When the line containing "2 Bedroom Townhomes" appears in the data below, begin copying there and stop only after the line containing "Beautiful view in".

- **TASK DATA**
━━━

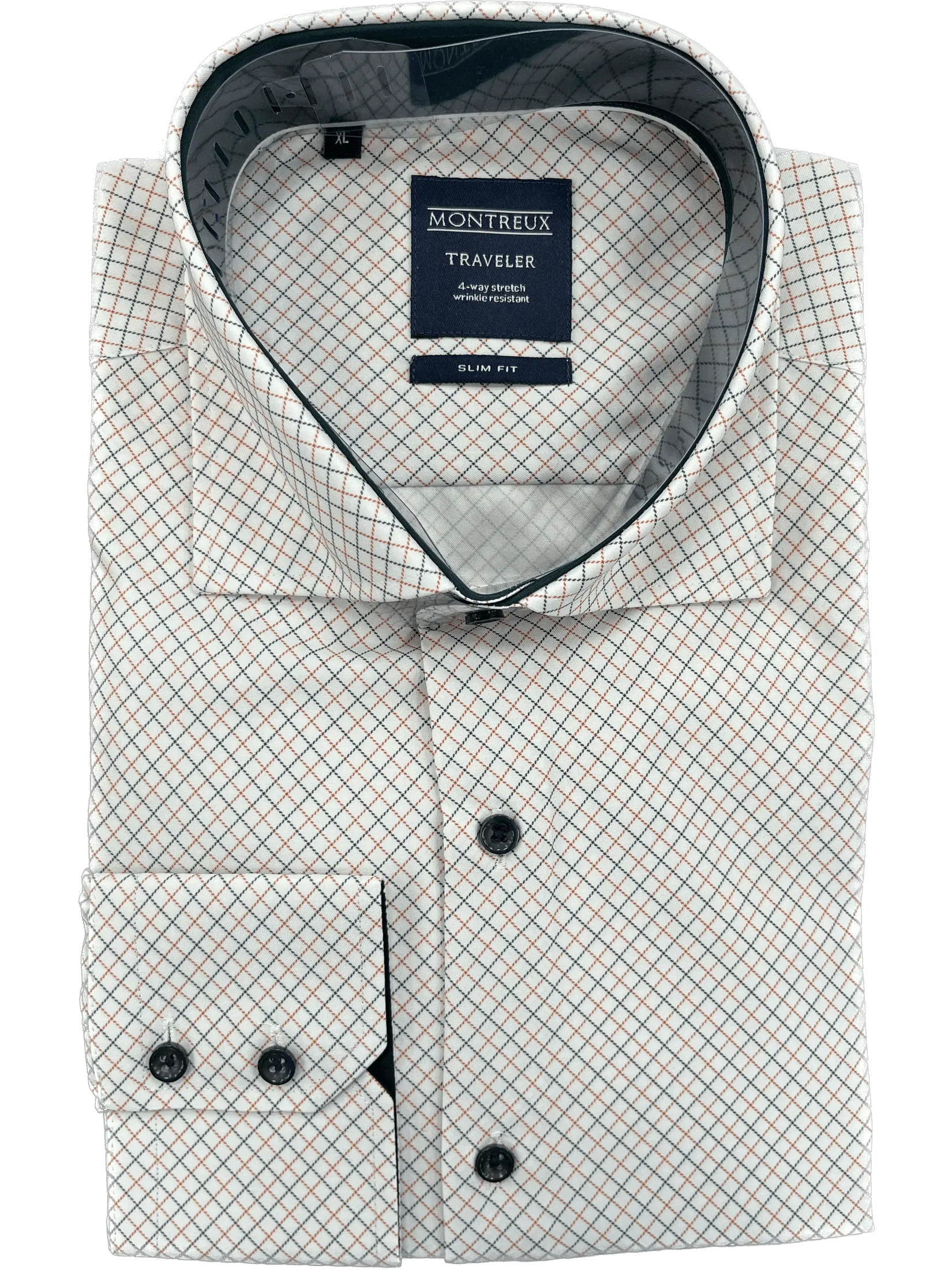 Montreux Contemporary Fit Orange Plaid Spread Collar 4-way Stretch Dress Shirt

━━━

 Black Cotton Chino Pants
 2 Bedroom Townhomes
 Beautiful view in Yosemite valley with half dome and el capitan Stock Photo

━━━

- **OUTPUT OF THE EXERCISE**
 2 Bedroom Townhomes
 Beautiful view in Yosemite valley with half dome and el capitan Stock Photo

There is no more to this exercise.